Collected material START
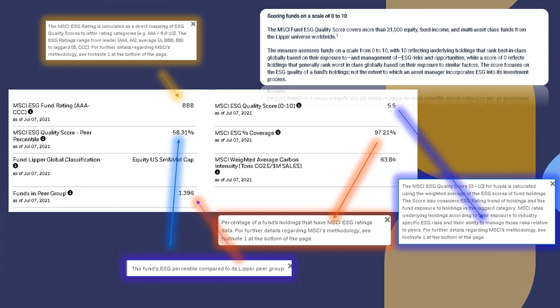Now let's take a look at the MSCI ESG quality score peer percentile. This one, which I'll show you in a minute, is 58.31%. This is just the fund's ESG percentile compared to its Lipper peer group. For example, pretend you're in high school and you remember when you finished at the X percentage of your class? Well, I finished in the bottom 10% of my class, so I would be a shit ETF according to this fund.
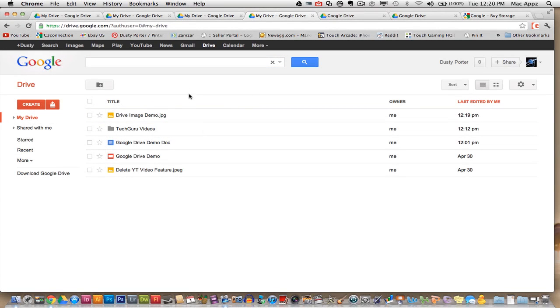So anyways, guys, this again is Google Drive from Google. I will put the link below how to do that. And I will also put a link to download Dropbox, which is a competitor to Google. Do you use Dropbox? Do you like Dropbox? If so, put a comment in the comment box below and let me know what you think about it. Are you going to switch over to Google Drive? Let me know.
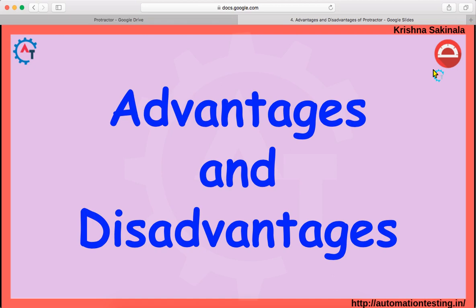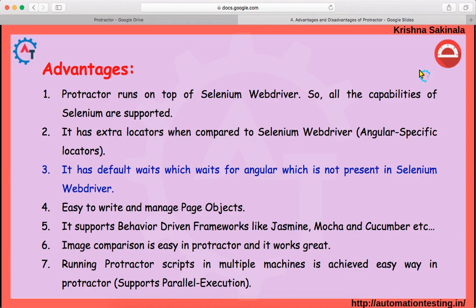In this video we are going to discuss Protractor advantages and disadvantages. First, we'll see advantages. Protractor runs on top of Selenium WebDriver, so all the capabilities of Selenium are supported. In our previous video we already discussed that Protractor is a wrapper on top of WebDriver.js — Selenium with JavaScript. So whatever you can achieve with Selenium, the same thing can be achieved using Protractor.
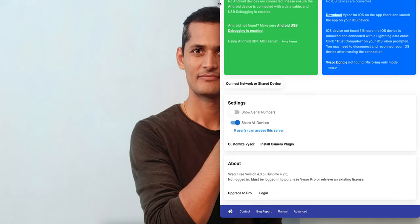As you can see on my screen, the first thing you have to do is plug in your Android device. My developer option is currently disabled so I cannot show you directly, but let me connect my device so I can show you how and where you can enable the developer options.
Collected material END
▶ _Problem_:
Set the material above down again word for word. Include none of its pictures.

▶ _Answer to the problem_:
Now let's take a look at the MSCI ESG quality score peer percentile. This one, which I'll show you in a minute, is 58.31%. This is just the fund's ESG percentile compared to its Lipper peer group. For example, pretend you're in high school and you remember when you finished at the X percentage of your class? Well, I finished in the bottom 10% of my class, so I would be a shit ETF according to this fund.
So anyways, guys, this again is Google Drive from Google. I will put the link below how to do that. And I will also put a link to download Dropbox, which is a competitor to Google. Do you use Dropbox? Do you like Dropbox? If so, put a comment in the comment box below and let me know what you think about it. Are you going to switch over to Google Drive? Let me know.
In this video we are going to discuss Protractor advantages and disadvantages. First, we'll see advantages. Protractor runs on top of Selenium WebDriver, so all the capabilities of Selenium are supported. In our previous video we already discussed that Protractor is a wrapper on top of WebDriver.js — Selenium with JavaScript. So whatever you can achieve with Selenium, the same thing can be achieved using Protractor.
As you can see on my screen, the first thing you have to do is plug in your Android device. My developer option is currently disabled so I cannot show you directly, but let me connect my device so I can show you how and where you can enable the developer options.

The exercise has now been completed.